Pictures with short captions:
Segment Open

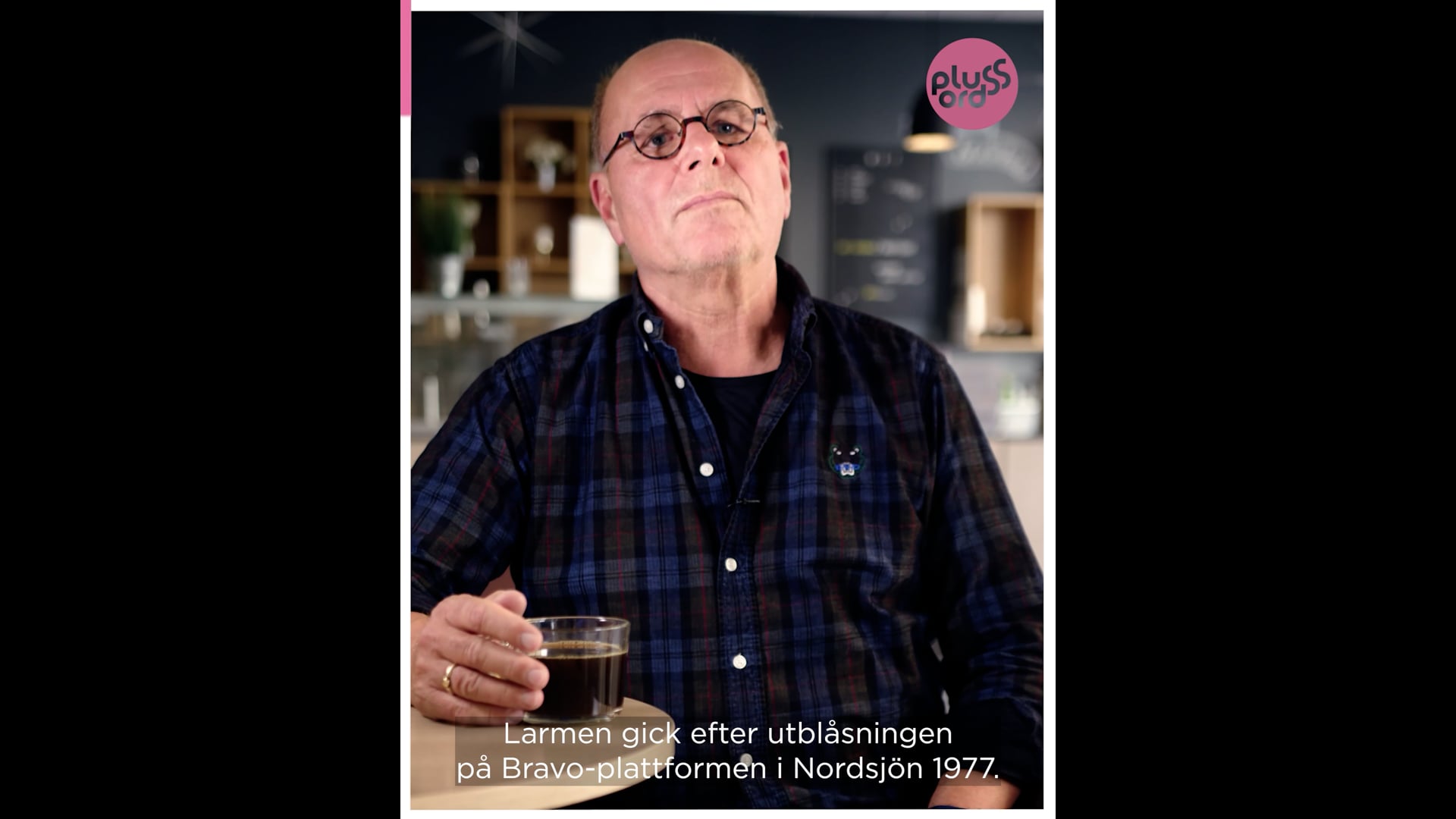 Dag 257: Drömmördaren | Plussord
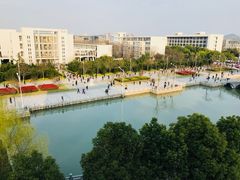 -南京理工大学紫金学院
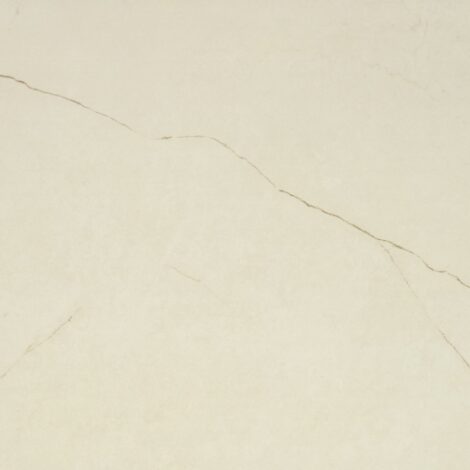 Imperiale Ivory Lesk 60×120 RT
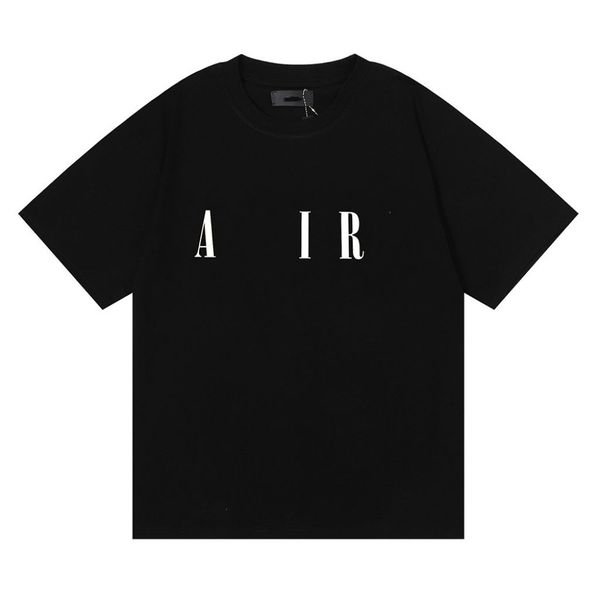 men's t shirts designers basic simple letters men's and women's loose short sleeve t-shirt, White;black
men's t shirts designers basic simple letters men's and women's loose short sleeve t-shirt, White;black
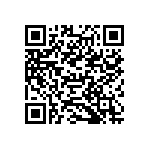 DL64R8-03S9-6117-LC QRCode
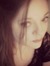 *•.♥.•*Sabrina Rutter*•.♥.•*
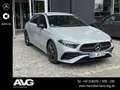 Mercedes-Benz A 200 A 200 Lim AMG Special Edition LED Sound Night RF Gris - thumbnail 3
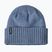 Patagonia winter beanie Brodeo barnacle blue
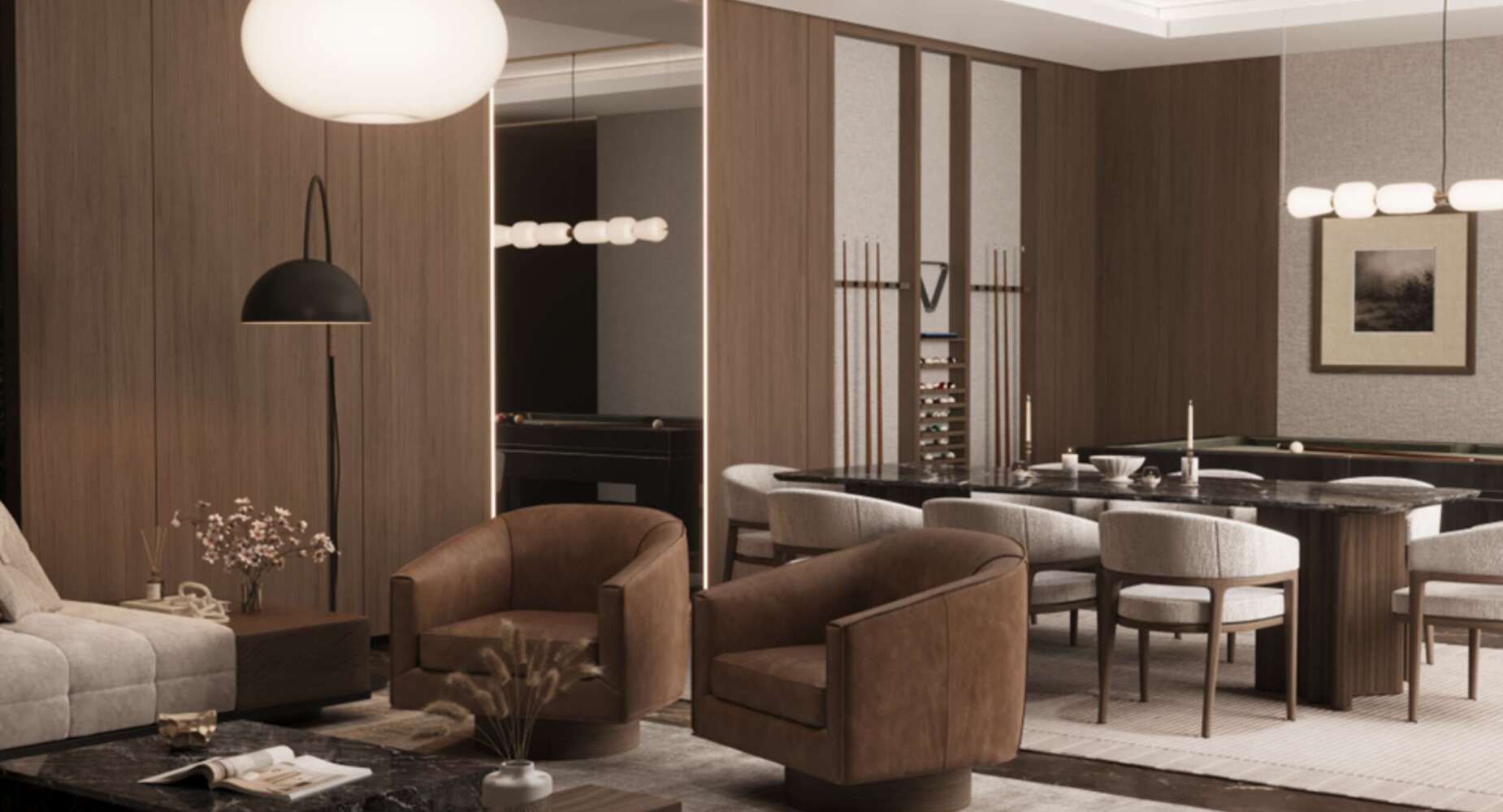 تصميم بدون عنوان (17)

Segment Closed

» ASSIGNED TASK:
With the pictures left out, copy exactly the lines above from the line containing "Mercedes-Benz A 200" through the last line of the entries.

» WRITTEN RESPONSE:
 Mercedes-Benz A 200 A 200 Lim AMG Special Edition LED Sound Night RF Gris - thumbnail 3
 Patagonia winter beanie Brodeo barnacle blue
 تصميم بدون عنوان (17)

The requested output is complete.